**Task item:** All of the data must be output exactly, with every picture left out.

**Source data:**
════════════════════
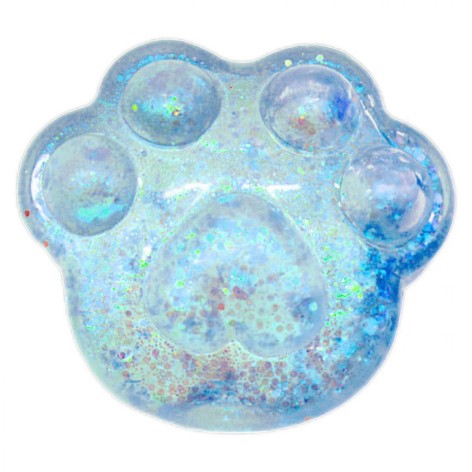 Жвачка-тянучка "Блестящая лапка" (голубой)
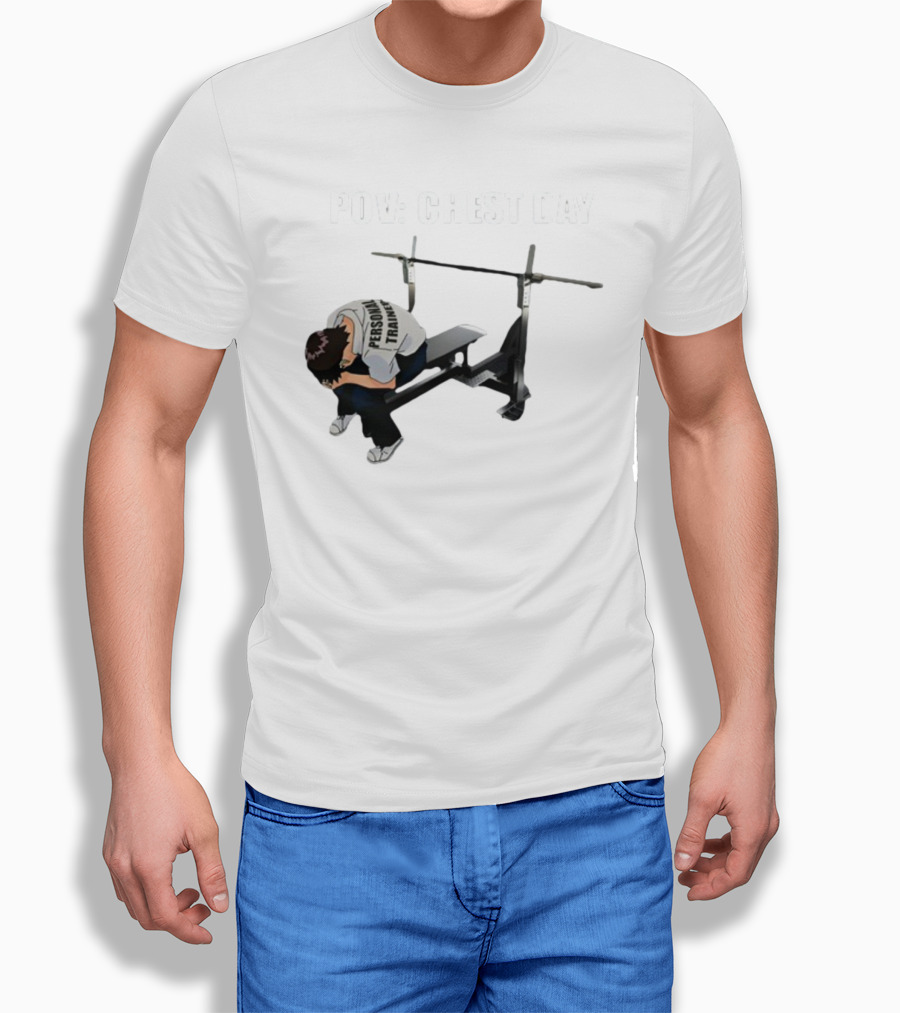 POV Chest Day Personal Trainer Bench Press Moment T-Shirt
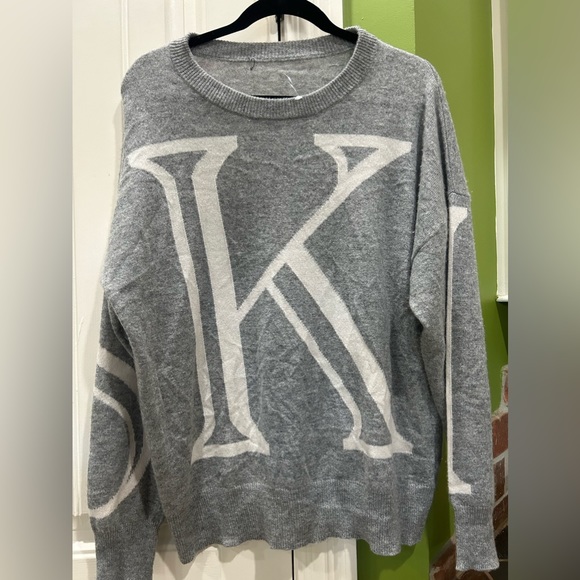 Rare New 360 Skull Traceable Cashmere Pullover Sweater Ski Gray L - Picture 3 of 5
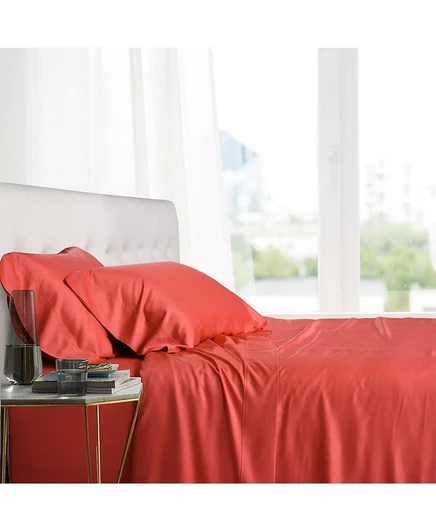 Постельный комплект Egyptian Linens Split King, 5 шт, оранжевый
════════════════════
**Answer for the task:**
 Жвачка-тянучка "Блестящая лапка" (голубой)
 POV Chest Day Personal Trainer Bench Press Moment T-Shirt
 Rare New 360 Skull Traceable Cashmere Pullover Sweater Ski Gray L - Picture 3 of 5
 Постельный комплект Egyptian Linens Split King, 5 шт, оранжевый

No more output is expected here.